One of NASA's main delivery companies made a triumphant comeback seen up and down the East Coast Monday night, launching its first space station shipment from Virginia since a rocket explosion two years ago.
NASA posted this photo of the launch to Twitter on Monday:
It was the first flight of Orbital ATK's unmanned Antares rocket since the Oct. 28, 2014, blast that wrecked the pad and destroyed everything on the space station supply run.
For Antares' long-awaited return, the pad underwent a $15 million restoration, and the rocket got new Russian engines to replace the vintage ones from a half-century earlier. As the Antares streaked through the night sky from NASA's Wallops Flight Facility, it appeared as though all the work had paid off. Launch controllers applauded when the supply ship reached orbit and victory was declared.
The launch provided a show for sky gazers along much of the East Coast. Reports poured in via Twitter from observers in Washington, Baltimore, Philadelphia and New York, even central Pennsylvania and Raleigh, North Carolina.
Getting a lift from the Antares was Orbital ATK's Cygnus capsule, loaded with more than 5,000 pounds of food, equipment and research, including some experiments to study flames in space and the robotic toy ball Sphero, part of an educational effort.
The Cygnus — named after the swan constellation — will have to hang around in orbit until Sunday before delivering the goods. That's because three astronauts are awaiting launch from Kazakhstan on Wednesday, which would get them to the space station on Friday.

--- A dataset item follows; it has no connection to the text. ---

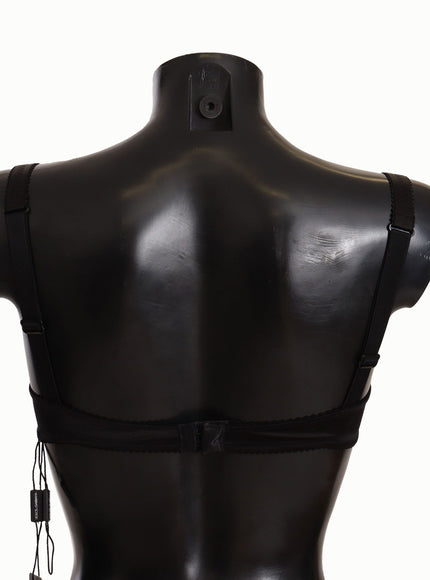 a black mannequin with a harness on it's back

NASA wants the new crew to settle in before the Cygnus pulls up.
This will be the sixth Cygnus to arrive at the orbiting outpost since 2013. While the Antares was being redesigned, Orbital ATK made good on two deliveries using another company's rockets flying from Cape Canaveral.
NASA's other commercial shipper, SpaceX, has made nine station deliveries since 2012, but is currently grounded, pending an investigation into last month's rocket explosion during prelaunch testing at Cape Canaveral.
Given the riskiness of space flight, Orbital ATK officials expressed nervousness before the launch, but said they had full confidence in the rocket.
NASA has been relying on Orbital ATK and SpaceX to keep the space station stocked ever since the shuttles retired in 2011.
Next up will be private flights for the station crews, as the space agency works on getting astronauts to Mars in the 2030s.
SpaceX and Boeing are building capsules to carry U.S. astronauts to the 250-mile-high station; those launches are expected in the next couple of years. Until then, NASA will keep flying its astronauts on Russia's Soyuz spacecraft.
The space station is currently home to an American, a Russian and a third astronaut from Japan. They will be joined by an American and two Russians.
Orbital ATK weathered brief hurricane delays over the past 1½ weeks, then a bad cable at the pad on Sunday bumped the launch by a day.